The new vehicle, Axiom European Financial Debt Fund (AEFD) is seeking to raise more than £100 million ($152 million; €136 million) via the listing for investment into regulatory capital securities issued by European banks. The underlying instruments will be primarily junior debt and typically convertible, hybrid debt and equity instruments such as contingent convertibles.
As Basel III rules for banks and Solvency II insurance regulations come into effect, the volume of loss-bearing hybrid debt securities issued by financial institutions has grown massively. The market is estimated at around €1,000 billion and AEFD will seek to capitalise on that through its strategy which includes five separate strands, Axiom's Gildas Surry, told PDI .

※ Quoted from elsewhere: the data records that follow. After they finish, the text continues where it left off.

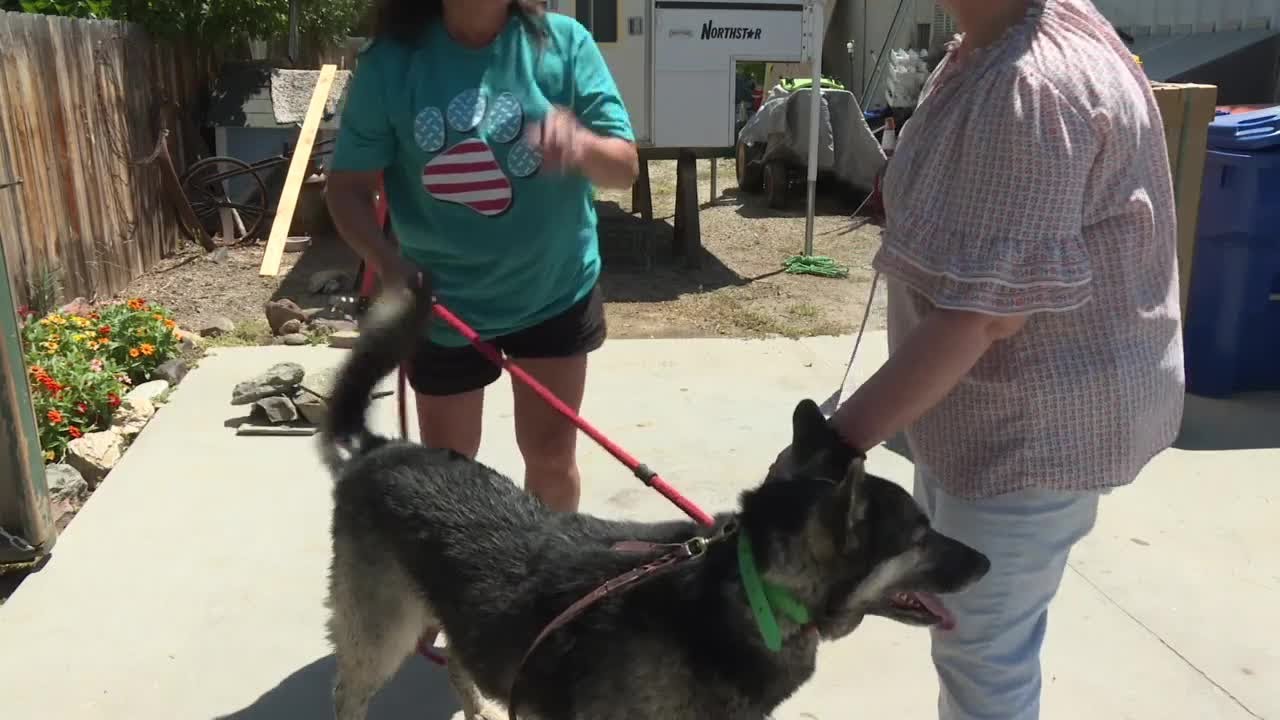 Missing dog reunited with owner after Star residents connected on ...
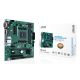 Asus Pro A520M-C II/CSM Mainboard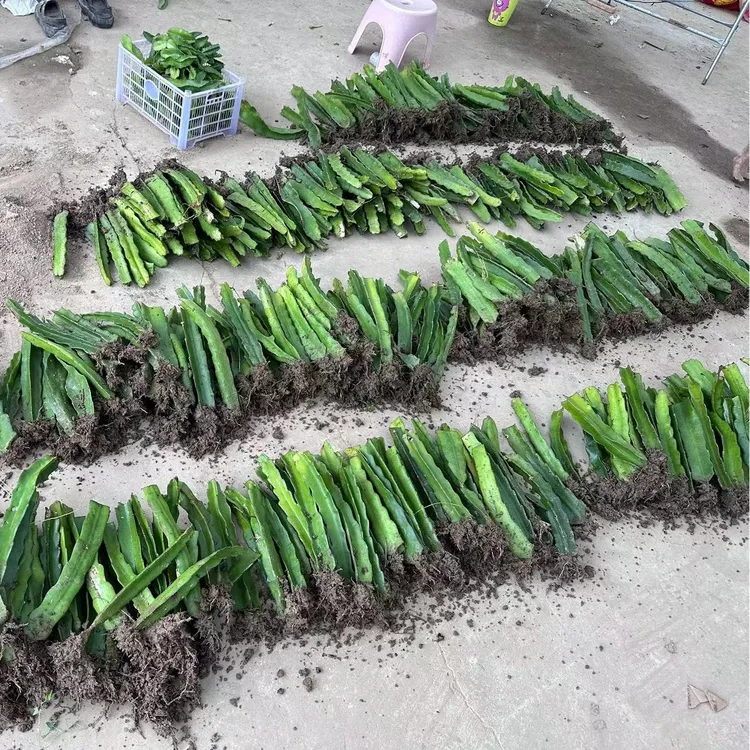 耐寒红心盆栽阳台庭院种植南北方当年结果水果水果树苗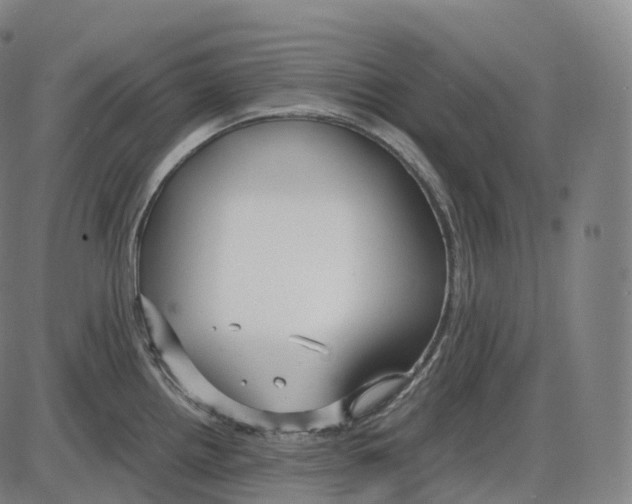 X0000083981242200703161549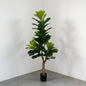 Planta Hoja de violín 1.50m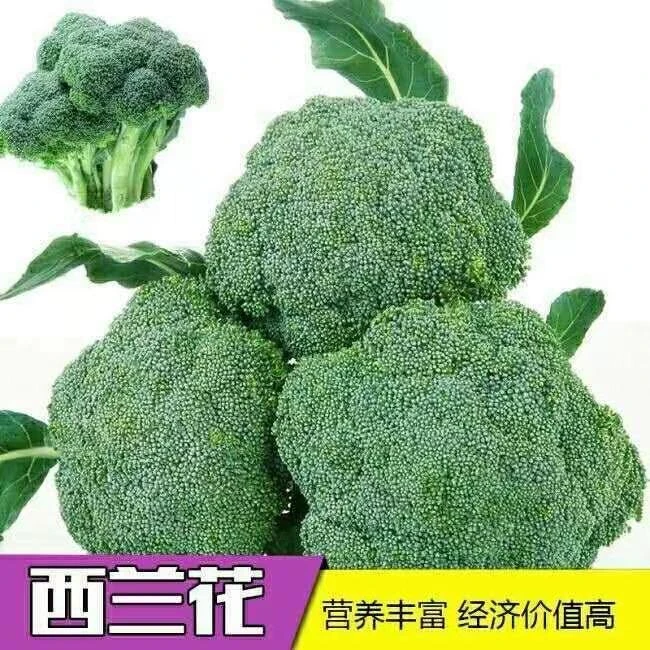 四季播西蓝花菜种子耐寒蔬菜种子绿菜花种子高产蔬菜籽阳台栽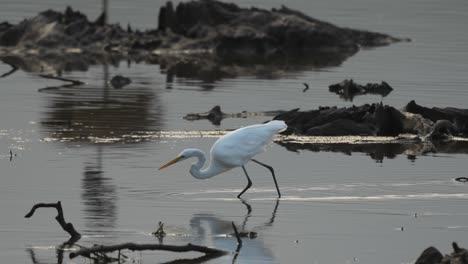 Una-Gran-Garza-Buscando-Su-Comida-Matutina-En-Un-Lago-Poco-Profundo-A-Primera-Hora-De-La-Mañana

The firm will target a weighting of around 15-20 percent, respectively, in restructuring and special situations. The three other strands will focus on lenders and insurers that are considered going concerns, Surry explained. Between 25-30 percent of the capital will be invested in both illiquid and liquid relative value investments while another around 30 percent will go into mid-cap origination, he added.
An example of mid-cap origination is the French mid-size life insurance companies that have been issuing tier two capital into the private placement market. Deals which they can source via Axiom's existing network, Surry noted.
The strategies are projected to produce yields ranging from 7-30 percent. Special situations should yield 25-30 percent; restructuring 7-25 percent; illiquid relative value 6-16 percent; liquid relative value 7-8 percent with mid-cap origination producing yields of 9-11 percent, said Surry.
When the firm announced its intention to list last year, the statement from the time noted that tier one credit spreads are around 150bps over the long-term average. This still stands, explained Surry, adding that while the top-tier names have come in, the market has bifurcated with lenders still short of capital under new standards, producing higher spreads.
Axiom has been managing a separate account with the same strategy since 1 January. The account had delivered gross annualised returns of just under 13 percent, the firm said in a statement.
The new vehicle has lined up an anchor investor for the capital raise, Surry confirmed, declining to identify the investor.
The investment strategy will be managed by Axiom Alternative Investments and is targeting a dividend of 6 percent of the £1 issuer price per share in the first financial year of operation and net returns of 10 percent over the seven-year lifetime of the fund. The fund will charge a management fee of 1 percent of net asset value (NAV) on the first £250 million, falling to 0.8 percent above that.
The fund will employ some leverage – up to 50 percent of certain instruments with a gearing cap set at 20 percent of NAV.
Liberum is acting as sole financial adviser and bookrunner for the listing which is expected to complete in mid-October.
Founded in 2006 and based in London and Paris, Axiom Alternative Investments manages around €500 million in assets. The firm has four open-ended UCITS funds as well as separately managed accounts.